Opinião

Publicado: Quarta-feira, 13 de fevereiro de 2019

Sonhos precocemente interrompidos: culpa consciente ou dolo eventual?

Por Marcelo Aith.

Sonhos precocemente interrompidos: culpa consciente ou dolo eventual?
"Inequivocamente era uma obra irregular, o que demonstra o absoluto descaso dos dirigentes do Flamengo com suas categorias de base."

Um incêndio na madrugada do último dia 8 de fevereiro deixou 10 mortos e três feridos no Ninho do Urubu, o Centro de Treinamento do Flamengo, na Zona Oeste do Rio. Os mortos tiveram abruptamente interrompidos seus sonhos, suas esperanças de um futuro melhor por uma fatalidade.

No entanto, uma questão há que ser analisada, foi de fato uma fatalidade ou negligência dos representantes do Clube de Regatas Flamengo que permitiram que adolescentes de 14 e 15 anos, em sua grande maioria carentes, que tinham no futebol a "luz no fim do túnel", a chance de deixar a vida miserável e possibilitar algo de bom para seus familiares, morassem em alojamentos inapropriados, verdadeiros conteiners, como uma boiada confinada?

No transcorrer dos dias que se sucederam a trágica sexta-feira, com as investigações iniciadas pela polícia técnica do Rio de Janeiro foi possível depreender que o local em que os jovens jogadores do sub-15 dormiam, sequer constavam do projeto encaminhado a municipalidade da capital fluminense.

Inequivocamente era uma obra irregular, o que demonstra o absoluto descaso dos dirigentes do Flamengo com suas categorias de base.

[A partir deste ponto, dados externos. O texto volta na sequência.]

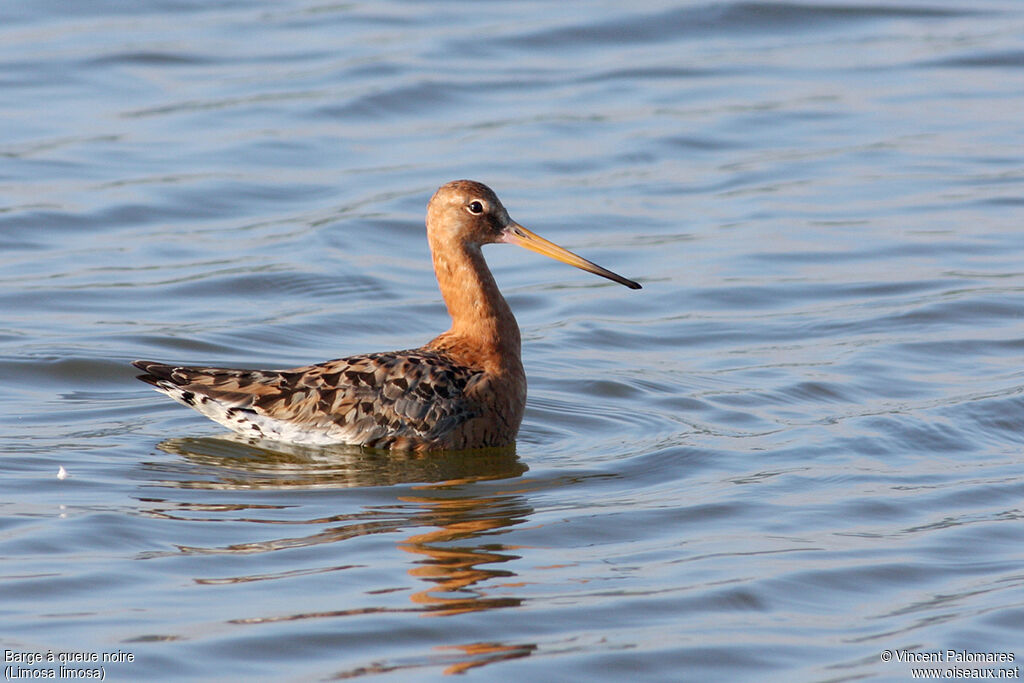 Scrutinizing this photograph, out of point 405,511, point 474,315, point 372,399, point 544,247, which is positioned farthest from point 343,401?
point 544,247

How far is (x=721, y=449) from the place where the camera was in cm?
1078

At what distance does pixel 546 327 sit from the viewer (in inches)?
552

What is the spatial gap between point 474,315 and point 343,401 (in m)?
1.15

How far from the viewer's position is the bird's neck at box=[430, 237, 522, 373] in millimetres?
11242

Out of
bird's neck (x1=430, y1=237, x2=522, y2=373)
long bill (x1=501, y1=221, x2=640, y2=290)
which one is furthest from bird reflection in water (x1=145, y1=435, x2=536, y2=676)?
long bill (x1=501, y1=221, x2=640, y2=290)

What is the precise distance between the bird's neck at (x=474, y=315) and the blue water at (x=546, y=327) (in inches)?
23.8

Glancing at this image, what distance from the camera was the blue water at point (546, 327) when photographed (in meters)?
7.96

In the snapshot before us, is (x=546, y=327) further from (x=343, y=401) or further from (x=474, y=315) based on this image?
(x=343, y=401)

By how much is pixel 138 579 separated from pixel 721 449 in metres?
3.99

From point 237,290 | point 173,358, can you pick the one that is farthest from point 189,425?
point 237,290

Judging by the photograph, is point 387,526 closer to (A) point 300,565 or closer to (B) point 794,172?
(A) point 300,565

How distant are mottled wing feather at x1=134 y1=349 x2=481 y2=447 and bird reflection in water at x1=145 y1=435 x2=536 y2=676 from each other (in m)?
0.14

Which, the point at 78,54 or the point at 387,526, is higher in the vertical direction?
the point at 78,54

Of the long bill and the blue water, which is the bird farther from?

Ultrapassada essa retórica toda, cabe aqui um questionamento quanto a responsabilidade criminal dos dirigentes do clube. Agiram com culpa consciente ou dolo eventual?

A culpa consciente, segundo Juarez Cirino dos Santos, "caracteriza-se, no nível intelectual, pela representação da possível produção do resultado da possível produção do resultado típico e, no nível da atitude emocional por confiar na ausência ou evitação desse resultado, pela habilidade, atenção ou cuidado na realização concreta da ação". Ou seja, sabe que pode ocorrer o resultado, mas acredita que pode evitá-lo com suas habilidades e cuidados.

Por outro lado, dolo eventual, para o mesmo criminalista paranaense, "caracteriza-se, no nível intelectual, por levar a sério a possível produção do resultado típico e, no nível da atividade emocional, por conformar-se com a eventual produção desse resultado". Portanto, tem consciência do risco, embora não o queira, mas conforma-se com a ocorrência do resultado constante no tipo penal.

Cotejando-se os conceitos legais com os fatos apurados até esse momento nas investigações deflagradas pela polícia técnica fluminense, não há como, ao menos em tese, deixar de atribuir aos dirigentes do Clube de Regatas Flamengo a conduta dolosa, por alguns indícios sérios. O local era um "caixote" – estilo contêiner, coberto com telhas com vedação térmica e preenchido com material acústico, altamente inflamável e tóxico, não tinha licença municipal para tal uso.

Destarte, ao menos em uma análise primária, pautada nos primeiros elementos trazidos ao conhecimento público pela polícia técnica, que está presente o dolo eventual na espécie, uma vez que sabiam do risco e conformaram-se com a eventual produção do resultado.

Mas nada disso trará esses jovens de volta, nada disso restabelecerá os sonhos manietados precocemente, porém não podemos compactuar mais com situações como essas, em que pessoas são tratadas como mercadorias, preparadas para serem vendidas, como verdadeiros animais para o abate! Precisamos sim, encontrar e apontar os culpados por mais essa tragédia. E fazer com que suas punições, sejam quais for, sirvam de exemplo para que outros meninos, outros brasileiros não tenham seus sonhos e caminhos interrompidos. A impunidade não pode continuar.



Marcelo Aith é especialista em Direito Criminal e Direito Público.